How Do You Read a Love Letter?
By Jess Hall Jr.
There are those who tell us that God's Word is not a blueprint, a constitution, a book of law, or a pattern. It is, they say, a "love letter." From this they conclude that they are entitled to read God's Word "differently" from other writings, although they have difficulty in telling us just what that means. These assertions prompt me to ask, "How do you read a love letter?"
How do I love thee? Let me count the ways.
So wrote Elizabeth Barrett Browning. Her words are among the most famous love songs in literature. But what do they mean? Is there a code that only the initiated can unravel? Are there mysteries beyond the ken of those of us whose pens are dry and whose lips stammer in the romantic moments of life? Is there some special secret to reading a love letter that is forever hidden from the eyes of all but the lovers? Is there meaning that speaks only to the heart of the reader? Is there meaning that is different for every reader? Let's think about it.

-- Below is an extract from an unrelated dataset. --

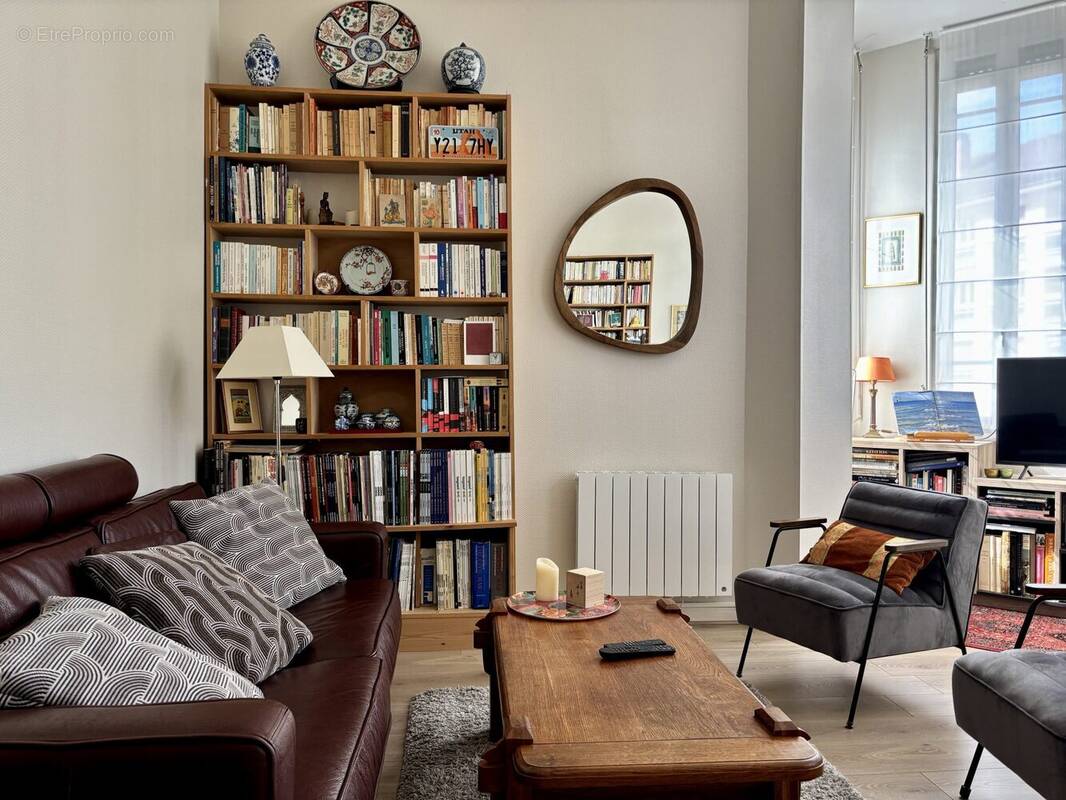 Appartement à DIJON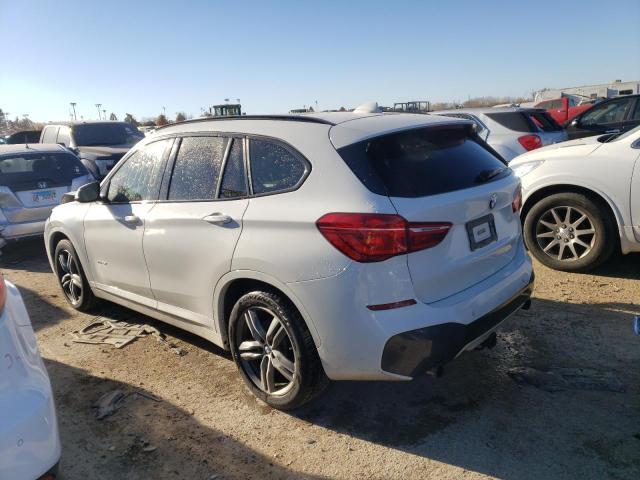 BMW X1 XDRIVE2 2016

Did Elizabeth Barrett Browning know what she intended to write? Surely she did. Was she intending to convey her thoughts and feelings? Surely she was. If so, then, decipherable or not, her words have a meaning - her meaning. The object of her affection may or may not understand them, but that does not change the meaning one iota. She said what she said and she meant what she said, and no amount of twisting, turning, or translation by the reader can change her meaning.

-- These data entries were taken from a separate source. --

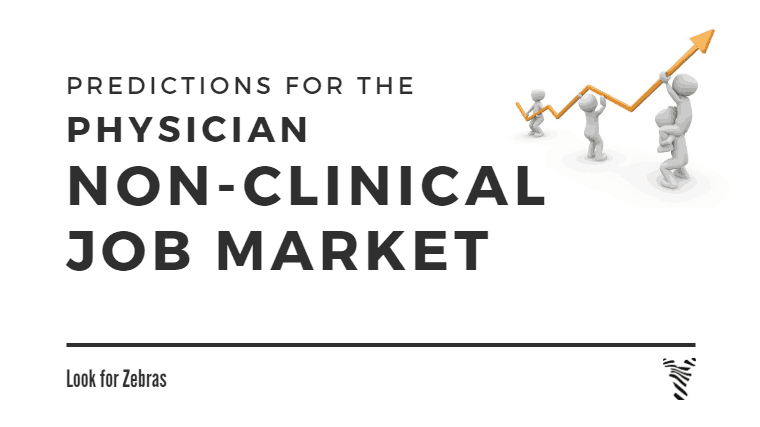 Physician employment trends for nonclinical jobs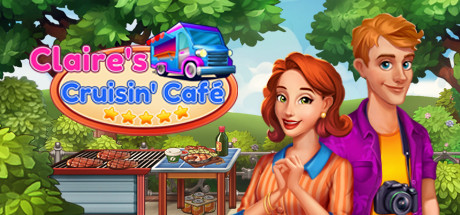 Boxart for Claire's Cruisin' Cafe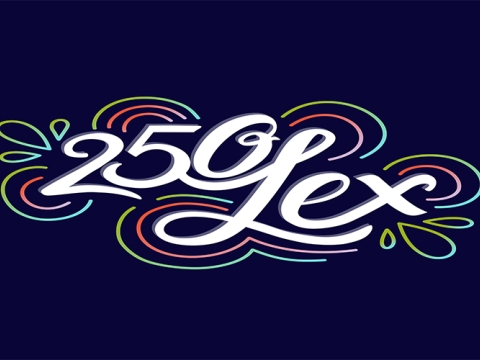 Logo that reads 250 Lex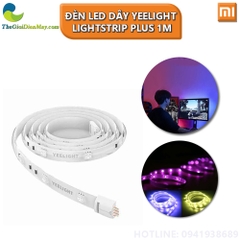 Đèn led dây xiaomi Yeelight Lightstrip Plus Thông Minh chiều dài 1m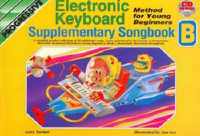 Electronic Keyboard Methods for Young Beginners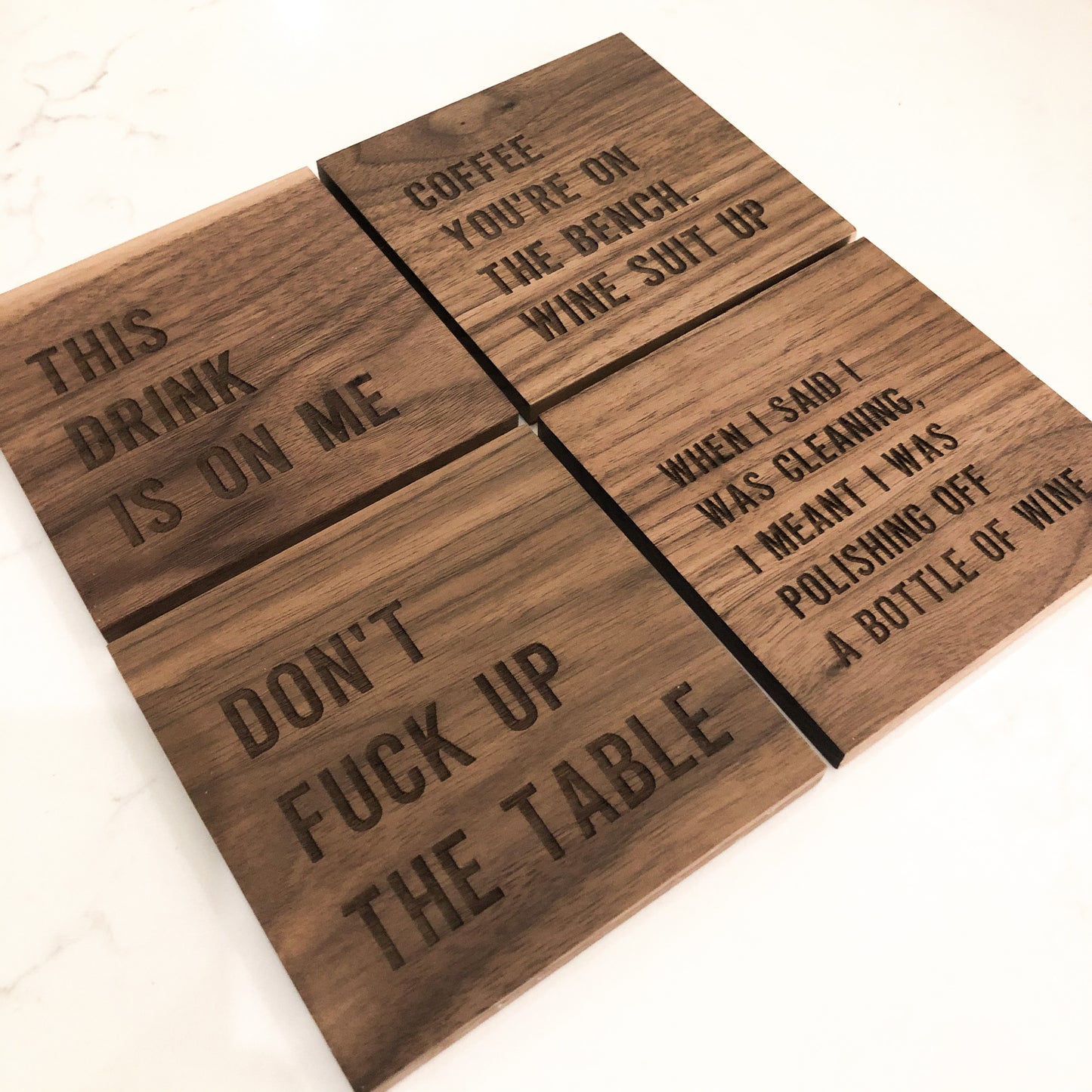 Coasters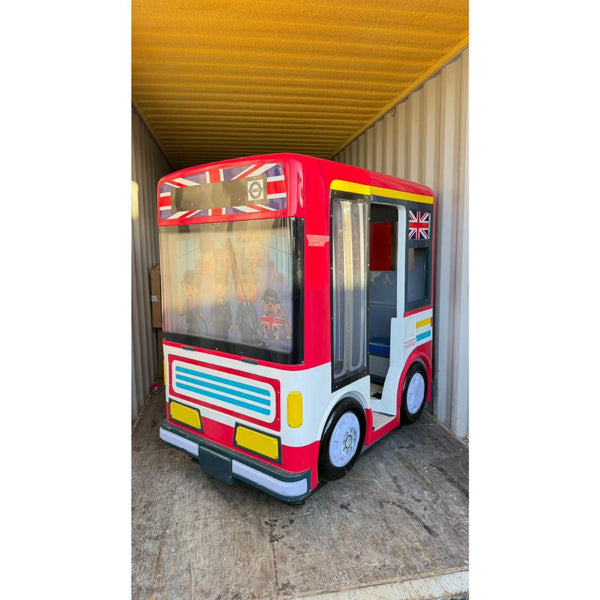 Used Happy Bus Kiddie Ride from Tecway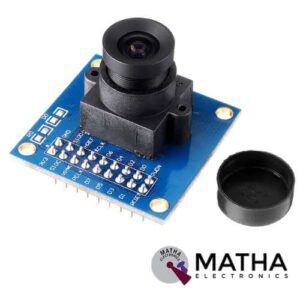 OV7670 Camera Module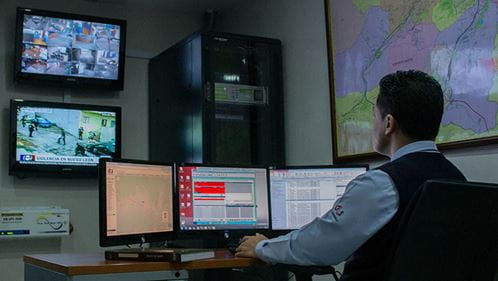 G4S automobilių stebėjimas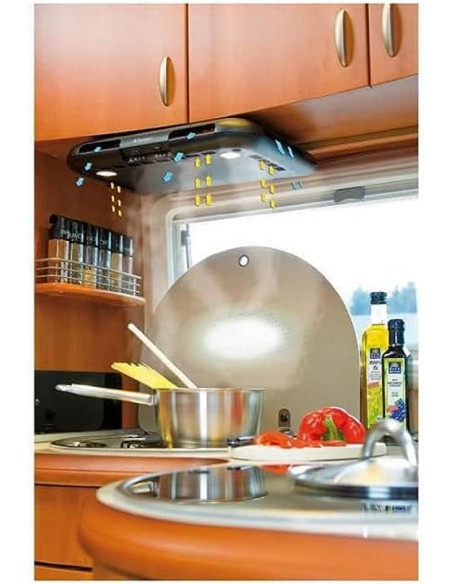 Exaustor CK 2000 12V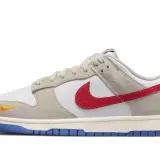 Dunk Low Light Iron Ore Red Blue 0002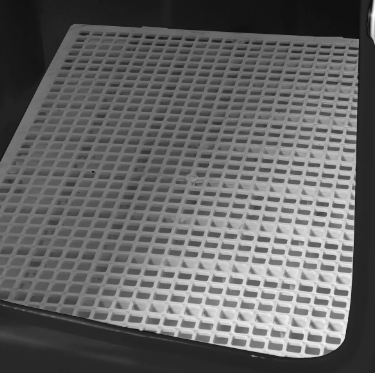 Máquina De Secar Animais Com Rodinhas Bybecker - Spa Pet Preta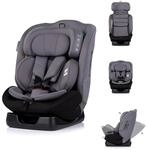 Chipolino Kindersitz Mondial i-Size (40-150cm) Liegeposition Kopfst&uuml;tze Gurt...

But is it not possible for two readers to recite her words and understand them differently? Obviously. But what does that prove? Does it change her meaning? Can the reading change the intent of the writing? But it is asked, "How can a reader understand her 'old griefs' and her 'childhood's faith'? Can not a reader, especially a reader today, understand only when he reads in light of his own experience which he substitutes for that of the writer and by which he gives meaning to her words?"

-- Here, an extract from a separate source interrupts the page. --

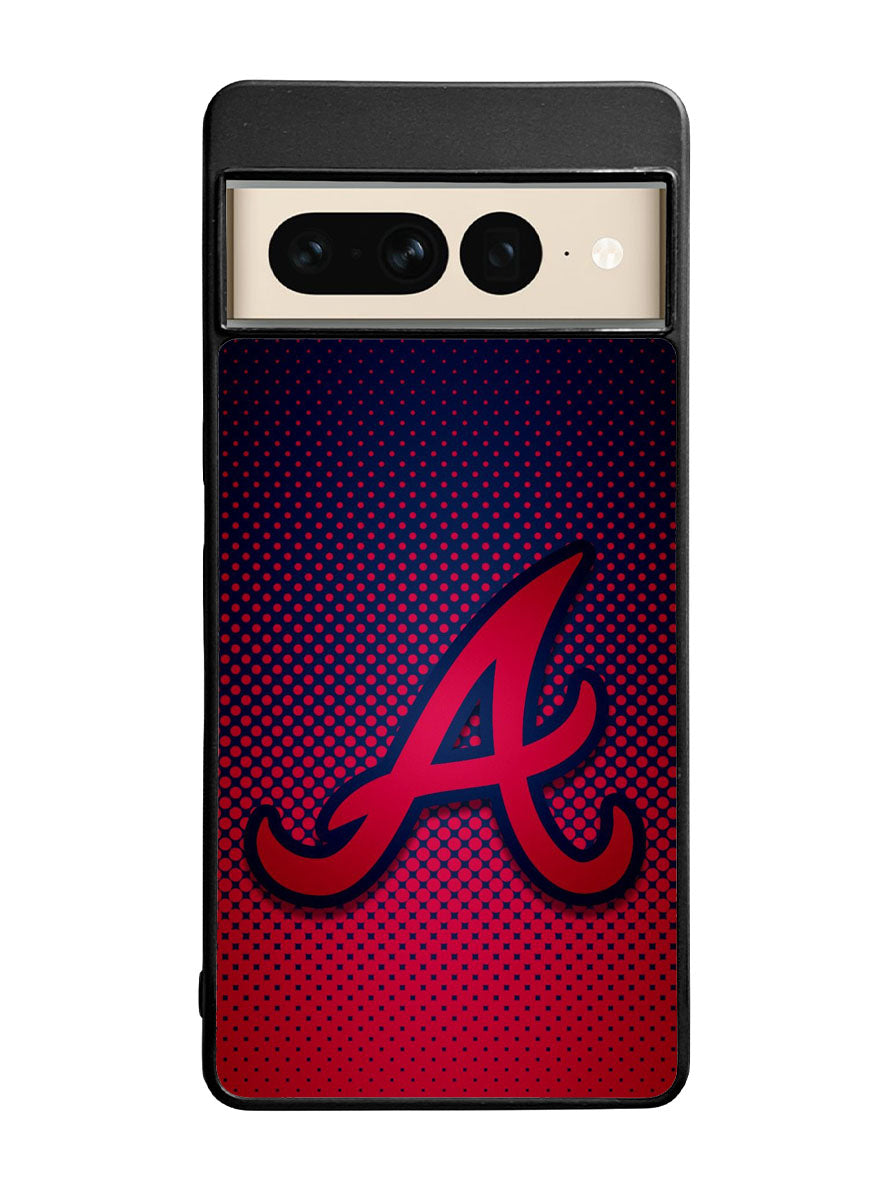 Atlanta Braves 3rd Google Pixel 7 Pro Case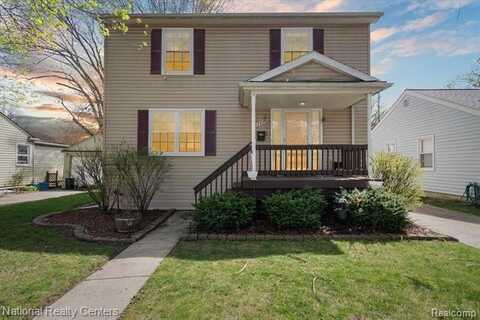 2320 Dallas Avenue, Royal Oak, MI 48067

First, assuming for the moment that is true, how does the reader know what to substitute? Shall he substitute laughter and doubt if that is more consistent with his experience? If substituting laughter and doubt is not permitted because the author spoke of "grief " and "faith." then it is admitted that words have meaning that set limitations on interpretations? If that is true of griefs and faith, is it not also true of their modifier, my? The meaning is limited by the language.
There is no more license with language when reading a love letter than in reading a business letter. True, each is a different style of writing. But is each not intended to convey information from one who knows to one who doesn't know? Can any information be conveyed if words have no meaning, or if words mean anything that the reader's experience makes them mean? Clearly, the answer is no. How can any information be conveyed from the writer when meaning is determined by the reader? The only "new information" generated is the reader's experiential (existential) interaction with the language.
If the writer's words have no meaning until they are "received" and "perceived" by the reader, does it not follow that the writer provides nothing but the occasion or the vehicle for the reader's experience? Is it not clear that, if the meaning (information) is or may be different for each reader, no meaning (information) is derived from the writer? In fact, does it not follow that there is really no such thing as a love letter? Elizabeth Barrett Browning's work may be a better vehicle than profanities on a restroom wall, but each is a vehicle that derives meaning only from the writer.
Thus, to say that God's Word is a love letter does not permit us to substitute our language for his language and our meaning for his meaning. Not even love letters can be read in such a manner. If the meaning of a love letter is derived from the experience of the reader rather than from the language of the writer, the reader can never know that he is loved; he can only know that he feels loved. Many a disappointed suitor will testify that only feeling loved is not fully satisfying. Partial satisfaction may be better than no satisfaction in affairs of the heart, but risking disappointment with God has far more fatal consequences. God's Word does not need expanding from our experience. While the heart must be involved, it is to be the source of obedience, not the measure of truth.